London Transport Museum is opening its doors in two locations this October half-term as it welcomes families to track down Billy Brown of London Town at its museum in Covent Garden and its museum depot in Acton Town, west London.
Designed by artist David Langdon, Billy Brown is a vintage cartoon character who appeared on posters across London’s buses and tubes in the 1940s. This unlikely wartime ‘hero’ helped Londoners navigate the capital safely by using catchy rhyming couplets designed to make important safety messages memorable.
Billy Brown became so famous as the Capital’s friendly, rhyming guide to traveling safely that he inspired a popular song of the day by Noel Gay with the lyrics, ‘Who stood up and saved the town when London Bridge was falling down? Billy Brown of London town’.
During October half-term, families visiting both the museum in Covent Garden or the museum depot in Acton Town can track down Billy Brown figures amongst the historic buses and trains on display. Along the way, Billy will point out transport gems in the Museum’s collection and share some of the playful rhymes he used to encourage passengers to be on their best behaviour on public transport.
Visitors to the museum in Covent Garden will be among the first to explore the newly opened London Transport at War gallery which has undergone a major transformation thanks to DCMS Wolfson Foundation funding, Charles Hayward Foundation, John C Cohen Foundation and LTM Friends.
The new gallery, which opens to the public on 17 October, reveals the role London’s transport has played in global conflicts, from keeping civilians safe on the home front to supporting efforts on the front lines. It introduces visitors to the people behind these stories and features posters, photographs and objects from the Museum’s collection.
To mark these important historical stories about life in wartime more accessible to visitors of all ages, including children and young people, the gallery features new interactive displays.
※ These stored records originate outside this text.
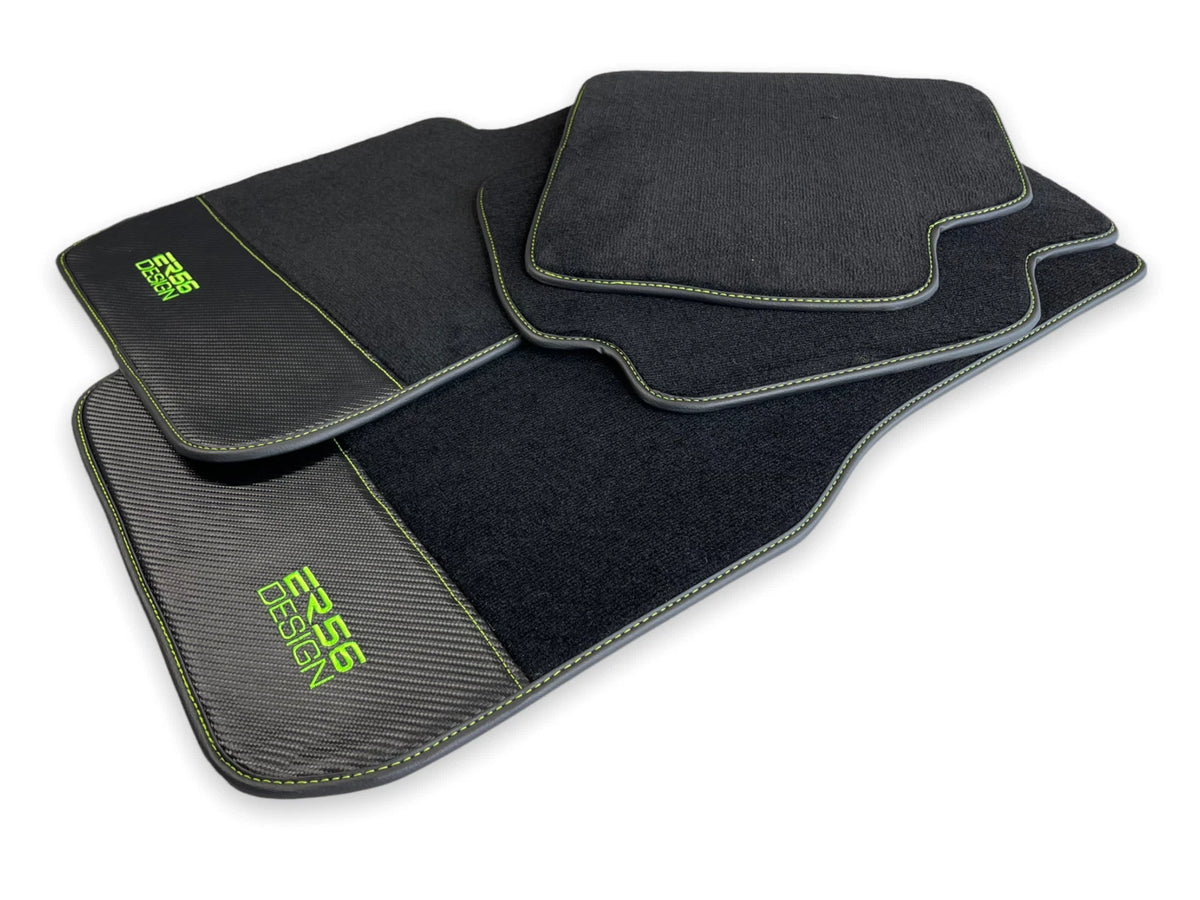 Floor Mats for BMW M3 F80 Carbon Fiber Leather (2012-2019)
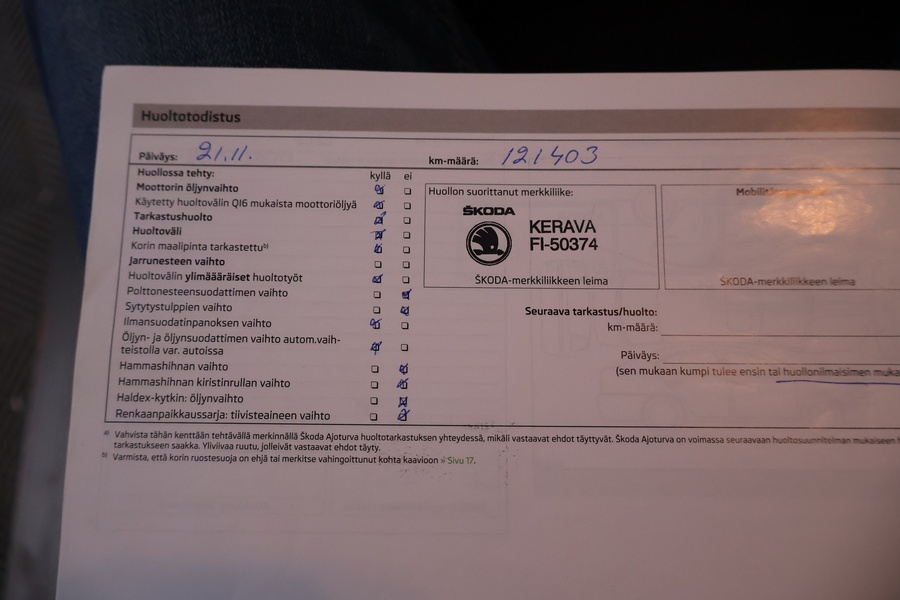 Skoda Octavia vaihtoauto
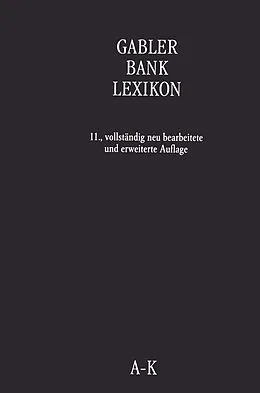 E-Book (pdf) Gabler Bank Lexikon von Wolfgang Grill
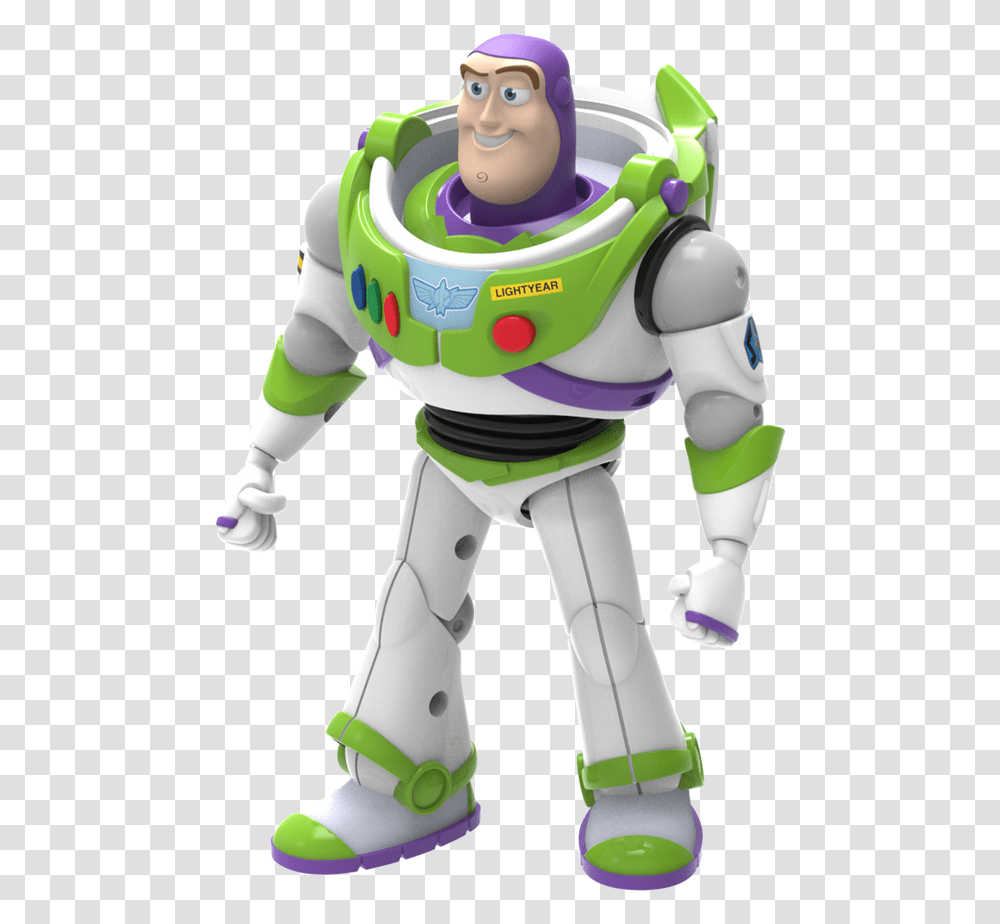 Boneco Buzz Lightyear Articulado Toyng Light Year, Robot Transparent Png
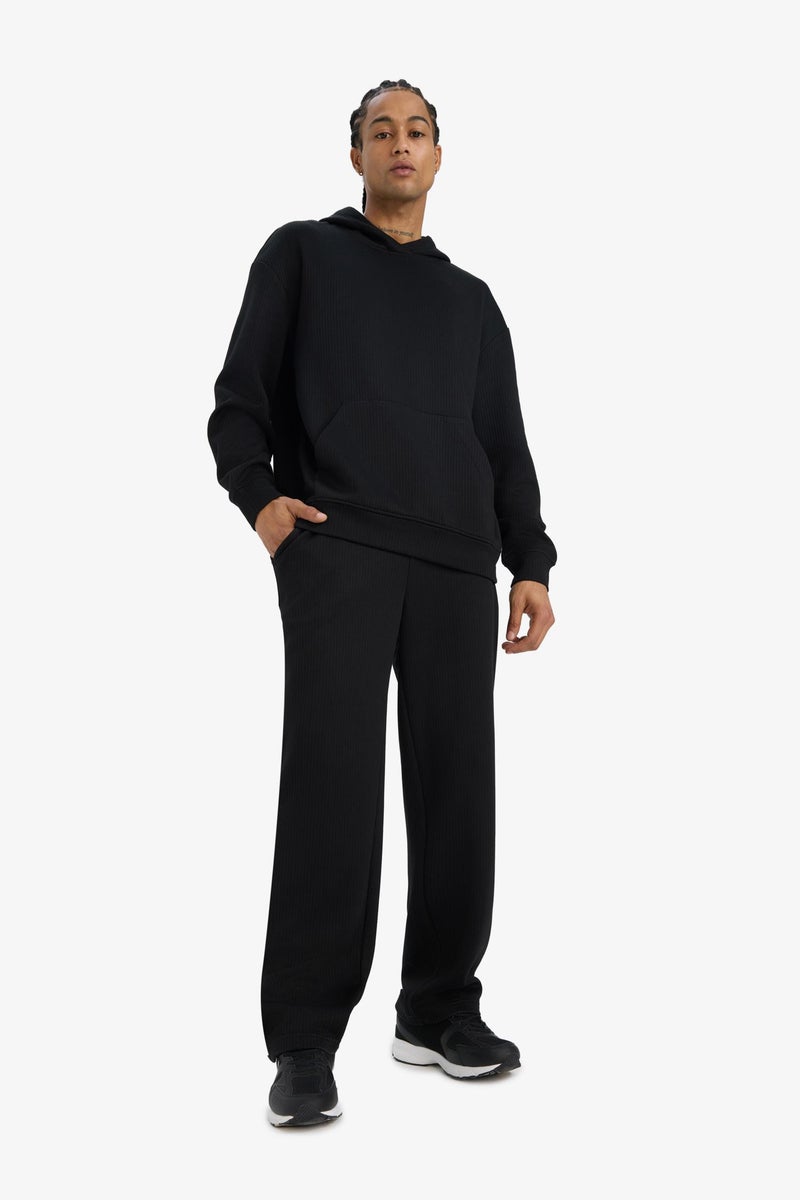 DeFacto Black Man Wide Leg Wide Leg With Pockets Sweatpants Casual - Image 2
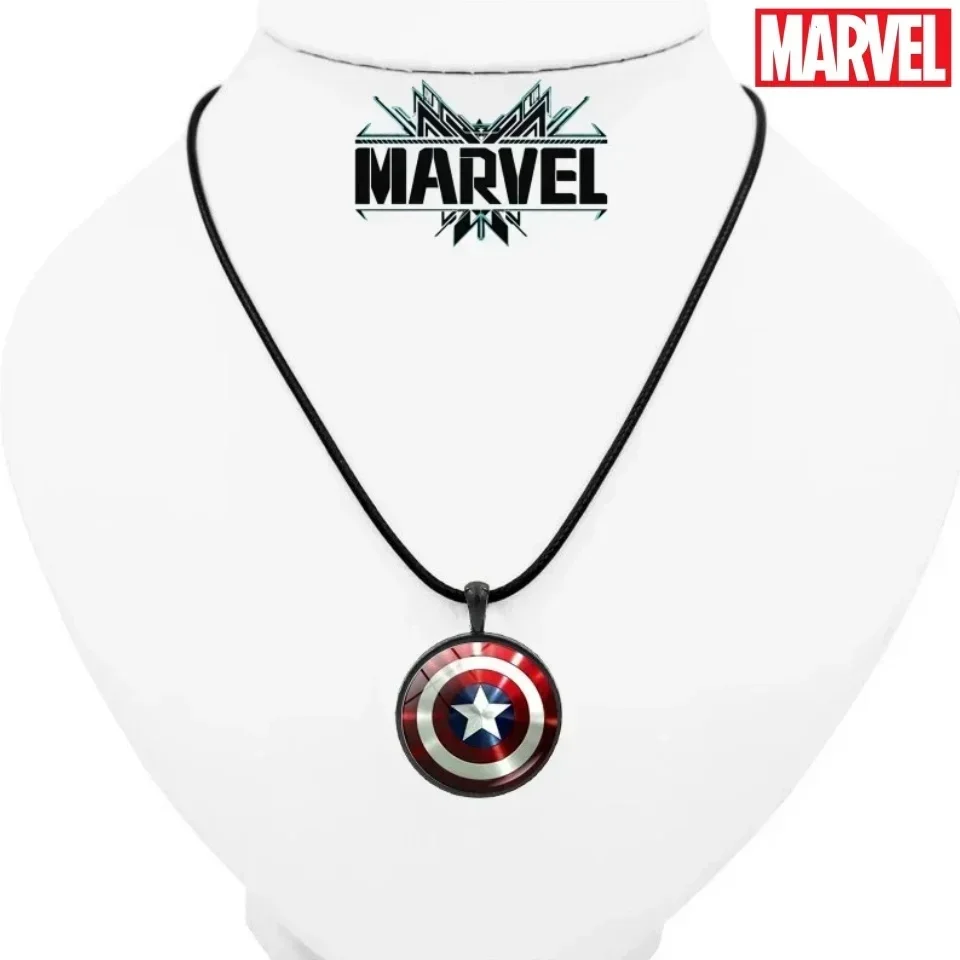 

Disney Marvel Spider-man Necklace Action Anime Figures Iron Man Captain America Necklace Man Woman Fashion Creative Ornaments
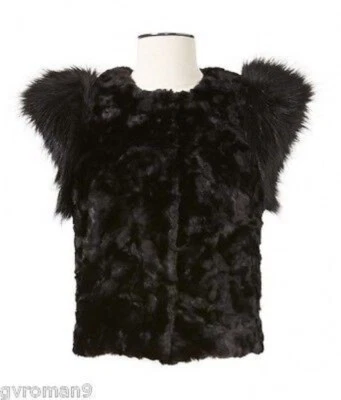 Chaleco para mujer Skaist Taylor negro de piel sintética Neiman Marcus Target XS S M L grande XL Foto 1 de 3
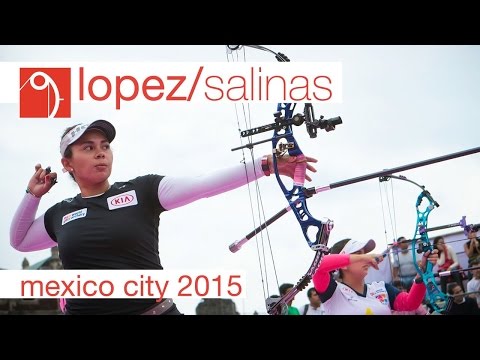 Sara Lopez v Stephanie Salinas – compound women’s semifinal | Mexico City 2015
An atmospheric and immersive sheltering experience reveals what life was like for Londoners seeking refuge in underground stations during wartime air raids and visitors can make their own tube station shelter ticket.
Visitors can also turn a bus steering wheel to learn about how many London buses went to the Western Front and use a new digital touch screen to discover the stories of women who worked for the Metropolitan Railway in the WW1.
A creative activity pack designed for children aged 4 to 11 is available to purchase in advance for £5 and pick up upon arrival. This includes a craft activity to complete during the experience and fun quizzes and a transport inspired experiment to try out at home.
Between 8:30am and 10am on 31 October, a special Early Explorer session will take place at the Museum in Covent Garden for families with children with special education needs including autism spectrum disorder. Families can enjoy the museum together at a quieter time, free from the general public, and with many of the gallery sounds turned off.
Visitors to the museum depot in Acton Town can track down Billy Brown on 24 – 25 October and between 28 October and 1 November. Daily opening hours will be 10:00am to 16:30pm, with last entry at 15:00. Visitors must book timed entry slots in advance online for both the museum and depot.
London Transport Museum’s Depot in Acton Town is one of the only museum stores in the Capital which opens for the public to explore. A one-way self-guided route will allow visitors to discover this Aladdin’s cave of more than 320,000 transport treasures, including 70 historic buses and tube trains, vintage signs and curious objects from bygone eras of travel in the Capital.
Visitors will able to walk through the museum’s beautifully restored 1938 tube stock train and unusual green and grey Prototype Tube dating from 1986, as well as climbing aboard the top deck of the Chocolate Express, a rare bus which once belonged to a ‘pirate’ bus fleet operating in the Capital in the 1920s.
The London Transport Miniature Railway will also be open for service with passengers able hop aboard replica models of vintage London Underground trains used on the Metropolitan line between the 1920s and the 1960s. Tickets are purchased separately on the day using contactless payments.
Refreshments will be available to enjoy at both venues, as well as exclusive transport themed toys, games, posters and gifts from the Museum and Depot shop.
London Transport Museum and its Depot have both received VisitBritain’s ‘Good to Go’ standard and have measures in place to keep people safe during their visit. These include queuing systems to help people social distance, hand sanitiser stations throughout the venues, PPE for staff, and more. Adults and children aged 11 plus must wear a face covering when visiting both the Museum and Depot.